Emotional intelligence, which includes self-awareness, empathy for others and resilience, is not something that we are just born with. It can be taught and we must teach it if we are to raise our children to not be bullies themselves, to protect others from bullying and to respond well if they are bullied themselves.

Empathy is taught at home by parents showing empathy to their children (and to others).

  • When kids are upset we need to not dismiss or deny or minimise their feelings. Don’t say “it doesn’t matter” or “you’ll get over it”. It does matter to your daughter that she wears the Elsa outfit today. Empathising doesn’t necessarily mean she can wear it
  • Leaping to the defence of the teacher or the child with whom they’ve fallen out won’t teach our children to consider others. We need to first show we understand their feelings before they can do the same
  • When they’ve behaved in ways we don’t like we need to ask ourselves “what was the emotional driver for this behaviour?” That’s not to excuse but to understand it. It may be that after you have acknowledged your child’s feelings they will need to make amends in some way
  • Let them hear you speculate with compassion about how the homeless man you encounter came to be living on the street or why the road rage guy is behaving like that
  • Read books or watch films where you consider how the characters feel
  • Talk about your own feelings (without burdening your child), those of your partner and your family and friends. “I’m going to ring Grandpa. I think he’s been feeling quite lonely recently.”

Before a child can develop empathy they need to have an awareness of their own feelings and the fact that someone else may have different feelings than their own. This will start to develop about the age of two years. Children have an innate capacity for empathy but it needs to be nurtured. Parents can help a child develop the self-awareness necessary for emotional resilience by putting feelings into words for them from a young age. Describe to your child how you think he is feeling. This gives them a vocabulary for emotions but also validates the feeling. When we do this repeatedly it gives the child the message that in this family we care how other people feel.

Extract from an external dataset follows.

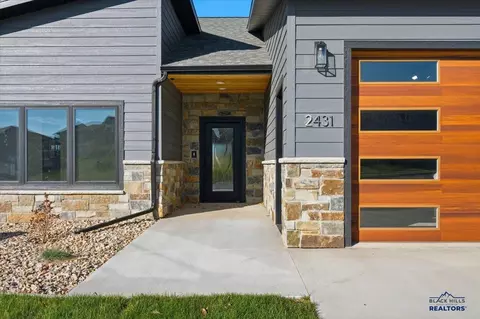 2431 Malibu Loop, Sturgis, SD 57785 photo 2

If your child has had a bullying experience you will need to acknowledge how that feels. Use ‘sensing’ words rather than ‘knowing’ words. “I’m guessing that felt awful.” “Maybe you felt really isolated when that happened. Perhaps you were scared.” “I wonder if you felt betrayed when no one helped you.”

Standard advice for kids who are being bullied ranges from “walk away” to “go tell a teacher” to “stand up for yourself”. None of these methods works all that well. Walking away might be sensible in some circumstances as it deprives the bully of the reaction they were looking for but it’s not always possible. Teachers are not always trained to deal with bullying and if they do anything it is usually to tell off or punish the bully which guarantees reprisals later. Telling a child to fight back will not only get them in trouble but it is encouraging exactly the kind of behaviour we’re trying to get rid of. The best approach for an individual is to have a form of words ready to take away the bully’s power to hurt. Examples of retorts to verbal bullying are: “Why should I care?” or “I hold a different opinion”, looking uninterested. Brainstorm for ideas of what to say with your child and practice saying them together.

Resilience also involves feeling confident and believing that next time you can handle things better. That means having a strong sense of one’s own capacities which is nurtured by parents consistently pointing out to children their strengths.

But the best remedy for bullying is to have a united community approach that we will not tolerate seeing unkindness to others, particularly those in a position of less power.